Image-text web data:
Segment Open
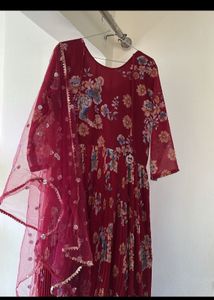 Maroon Ethnic Long Gown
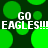 Green circular patterns on dark background with repeated 'GO EAGLES!!!' text in white pixelated font.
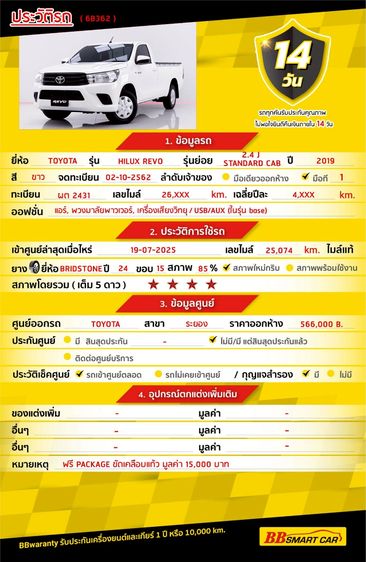 Toyota Hilux Revo 2019.0 มือสอง ดีเซล ไมล์  ฟรีดาวน์ จัดไฟแนนซ์ได้ - Image 2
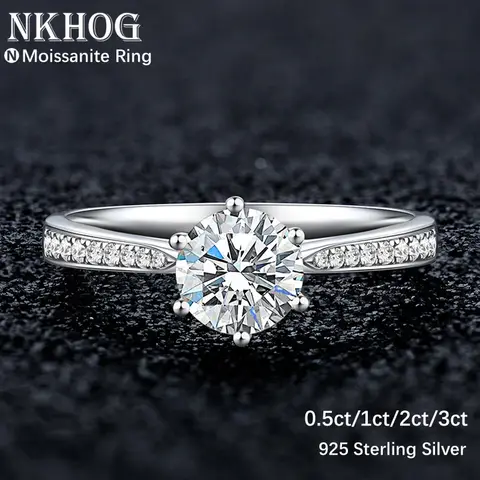 NKHOG 여성을위한 진짜 3 캐럿 Moissanite 반지 925 스털링 실버 클래식 6 발톱 약혼 밴드 쥬얼리 로맨틱 결혼 반지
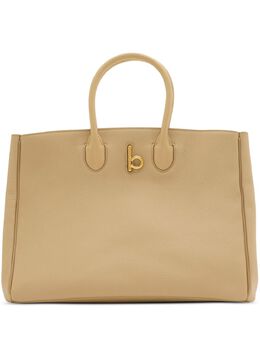 Burberry: Бежевая сумка-шоппер 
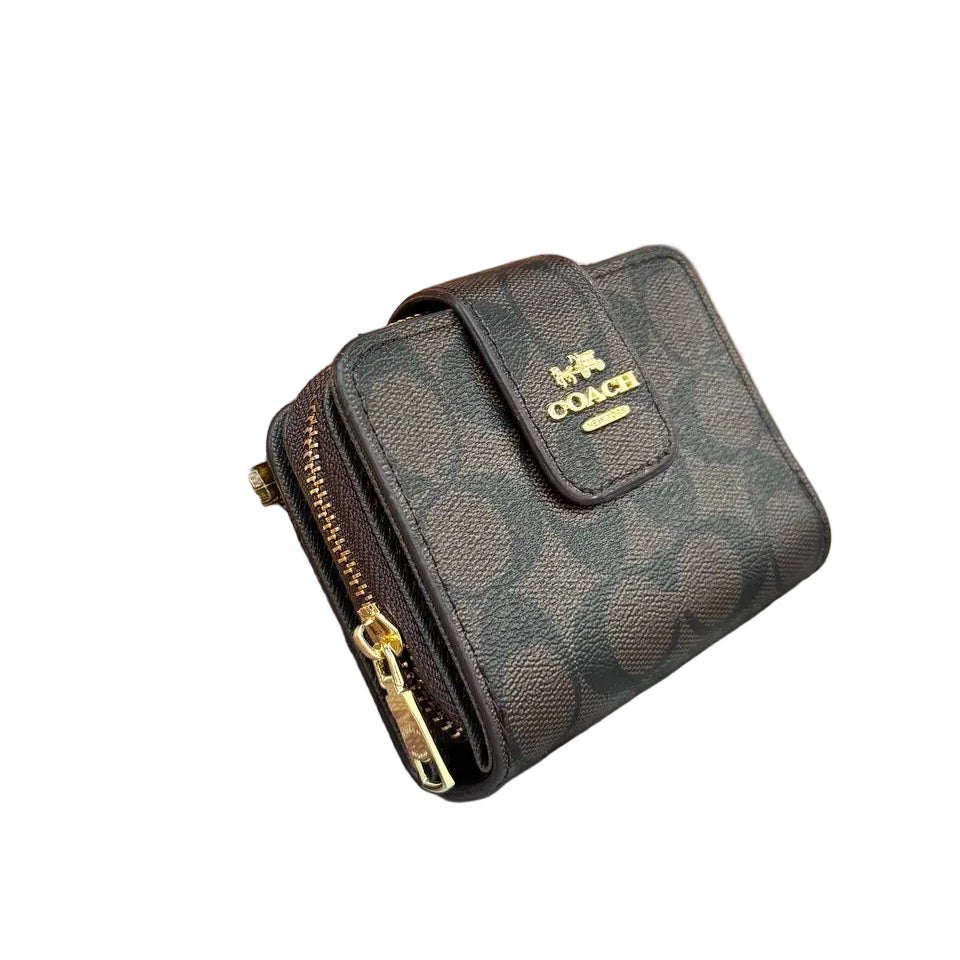 COACH Signature Canvas Medium Zip Around Wallet in Mahogany 👜✨🤎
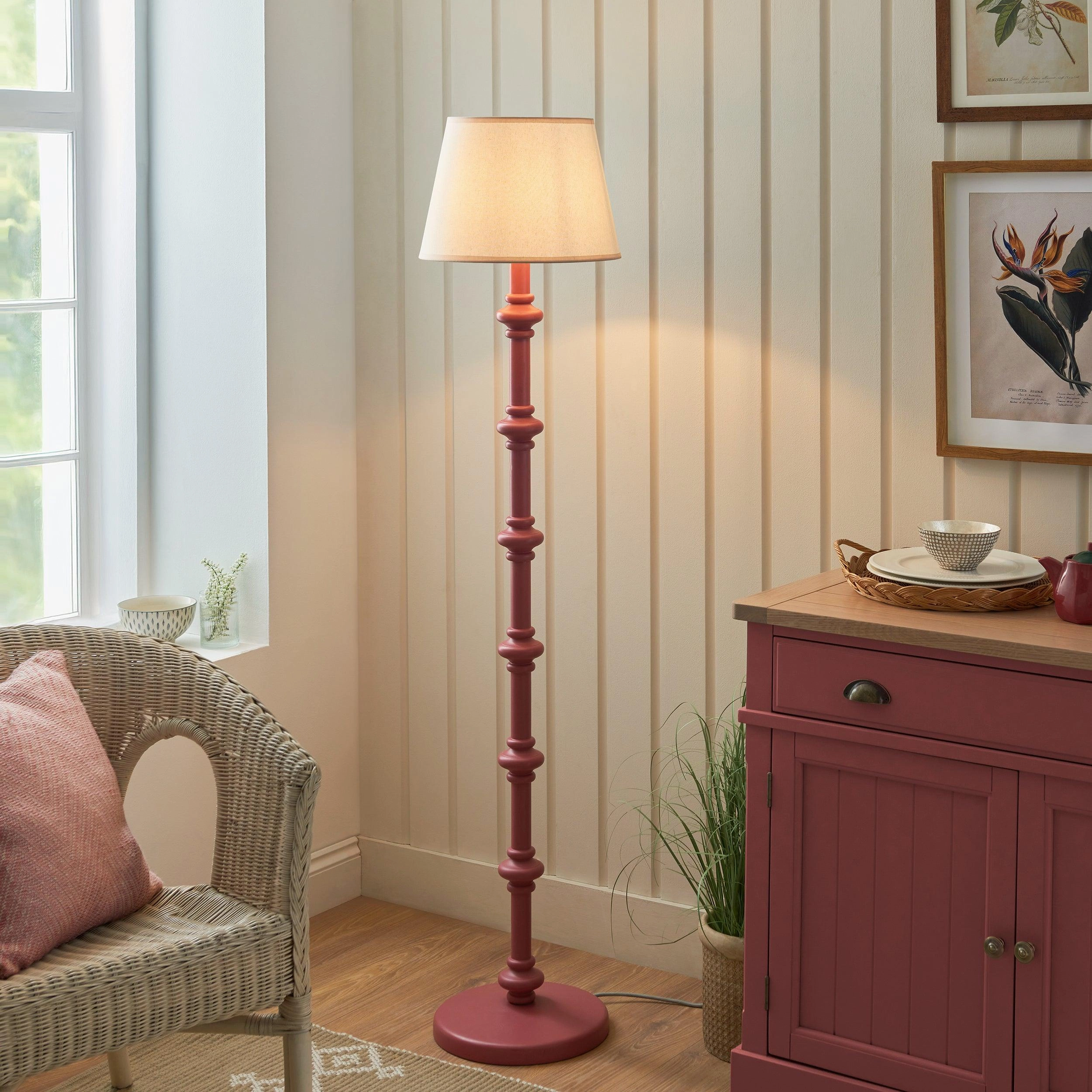Carnaby Pink Floor Lamp & Ivy 35cm Vintage White Shade creative lampshade design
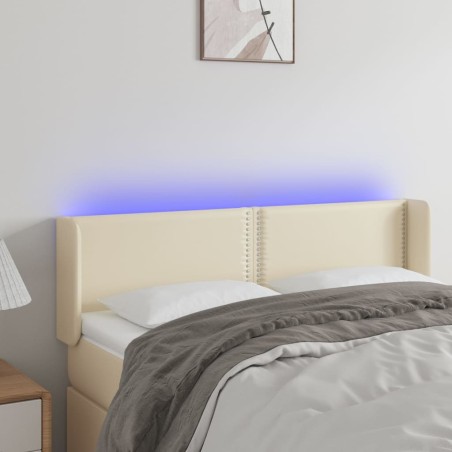 Testiera a LED Crema 147x16x78/88 cm in Similpelle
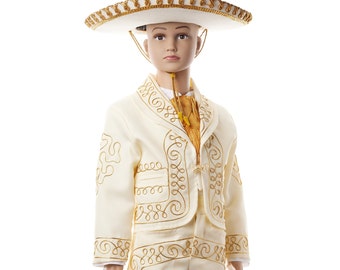 Charro Outfit for Boys, Traje De Charro, Mariachi Outfit, Boys Baptism Outfit, Mariachi Baptism - Beige/Gold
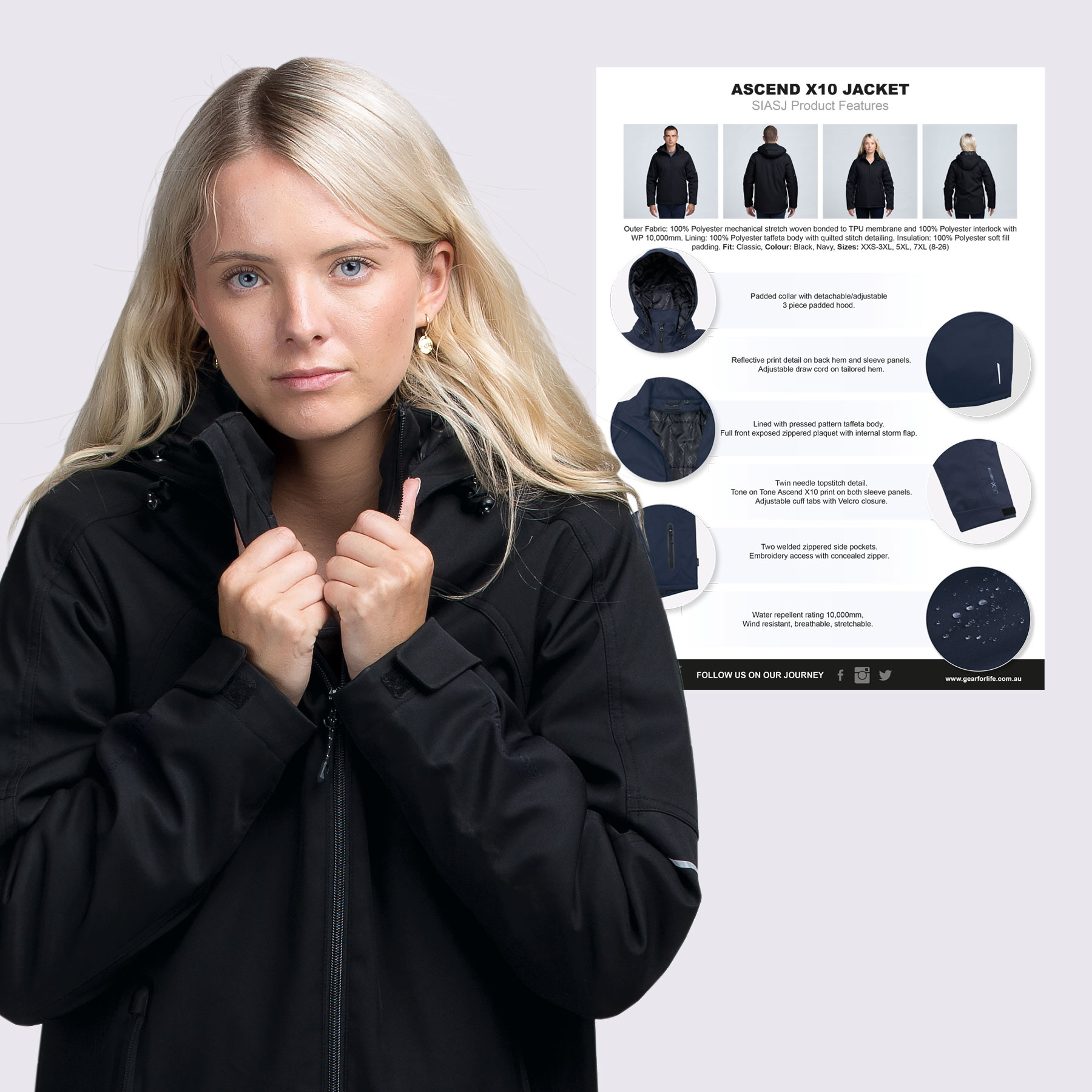 Ascend X10 Jacket Tech Sheet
Segment Closed
> **WORK ORDER**
Retype every record as it stands. None of the pictures should appear.

> **RESPONSE AREA**
 Maroon Ethnic Long Gown
 Green circular patterns on dark background with repeated 'GO EAGLES!!!' text in white pixelated font.
 Toyota Hilux Revo 2019.0 มือสอง ดีเซล ไมล์  ฟรีดาวน์ จัดไฟแนนซ์ได้ - Image 2
 NKHOG 여성을위한 진짜 3 캐럿 Moissanite 반지 925 스털링 실버 클래식 6 발톱 약혼 밴드 쥬얼리 로맨틱 결혼 반지
 Burberry: Бежевая сумка-шоппер 
 COACH Signature Canvas Medium Zip Around Wallet in Mahogany 👜✨🤎
Carnaby Pink Floor Lamp & Ivy 35cm Vintage White Shade creative lampshade design
 Testiera a LED Crema 147x16x78/88 cm in Similpelle
 Charro Outfit for Boys, Traje De Charro, Mariachi Outfit, Boys Baptism Outfit, Mariachi Baptism - Beige/Gold
 Ascend X10 Jacket Tech Sheet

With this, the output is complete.